The episode received mixed to negative reviews. Review aggregator Rotten Tomatoes gives the episode an approval score of 29%, based on 7 critical reviews. TVLine named Domingo their "Performer of the Week" on June 6, 2026 for his work in this episode. The site wrote "Colman Domingo was sensational as Ali fought to avenge Rue's death before finally finding some measure of peace. Ali got to share a quiet moment with Rue before she passed, with Domingo and Zendaya showing us the easy rapport the two had with each other. But in the morning, Ali discovered Rue's lifeless body, and Domingo's face crumpled up in heart-wrenching fashion as Ali was forced to say goodbye to yet another friend." For IndieWire, Ben Travers wrote that the episode "failed spectacularly" to give an "honest" portrayal of how someone like Rue would likely die and called Ali's revenge for her death "overwrought". In Variety, Alison Herman called the finale a "jumbled mishmash that did a lot and said little". The Guardian's Louis Staples called the finale a "lurid epic of biblical proportions", adding that "perhaps Euphoria’s finale wasn’t a lesson on morality at all, but a study in the hypocrisy of this new, algorithm-infused American Dream. It’s just a shame that, like the season as a whole, you have to look so hard – past so many gratuitous gunshots and subplots – to see what the show is trying to say."
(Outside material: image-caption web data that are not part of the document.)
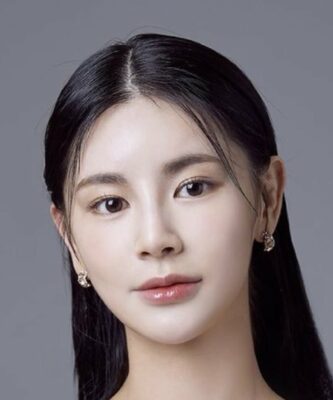 Lim Su Hyeon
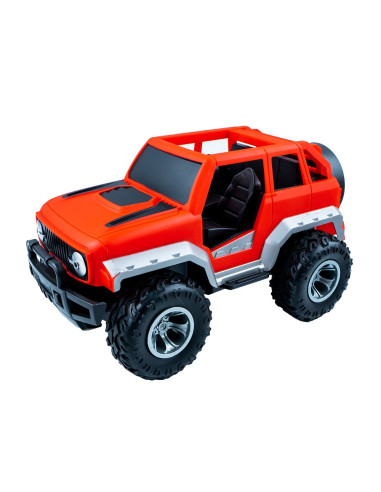 8530,Jeep cu RC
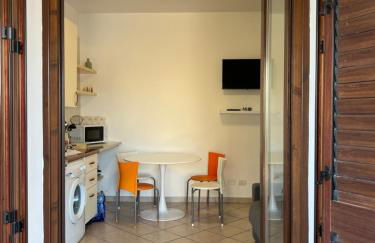 Solemar Salento - Foto 6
In a C+ review for The A.V. Club, Emma Fraser wrote that Rue's early death left a "gaping hole" in the episode and called Schafer's limited appearances a "wasted opportunity". In a three out of five star review for Vulture, Rafaela Bassili wrote that "after seven episodes wearing down the viewer with a bleak perspective, in the season finale, Euphoria pulls itself out of its own somber patterns to reach for grace and mercy in Christian symbolism, American wholesomeness, and the concept of family." Refinery29 wrote that "Thank God Euphoria has come to an end. After watching this very weird and graphic season carelessly shuffle its characters through drug lords, sex work and crime bosses, it finally said something of substance. And though I enjoyed the finale — which creator Sam Levinson recently confirmed wraps the series — I find it difficult to clap too hard." Rolling Stone wrote that the finale "didn’t deliver" what "fans wanted", but "it was the finale the show deserved. Sam Levinson’s era-defining series has come to an end — leaving a messy legacy."

=== Accolades ===
The episode was Zendaya's submission at the 78th Primetime Emmy Awards, leading her to be nominated for the Primetime Emmy Award for Outstanding Lead Actress in a Drama Series. Three of Euphorias nominations at the 78th Primetime Creative Arts Emmy Awards were for the episode. Domingo was nominated for the Primetime Emmy Award for Outstanding Guest Actor in a Drama Series. Rév was nominated for the Primetime Emmy Award for Outstanding Cinematography for a Series (One Hour). Editors Nikola Boyanov, Aleshka Ferrero, Aaron I. Butler, Julio C. Perez IV and additional editor Kristin Valentine were nominated for the Primetime Emmy Award for Outstanding Picture Editing for a Drama Series.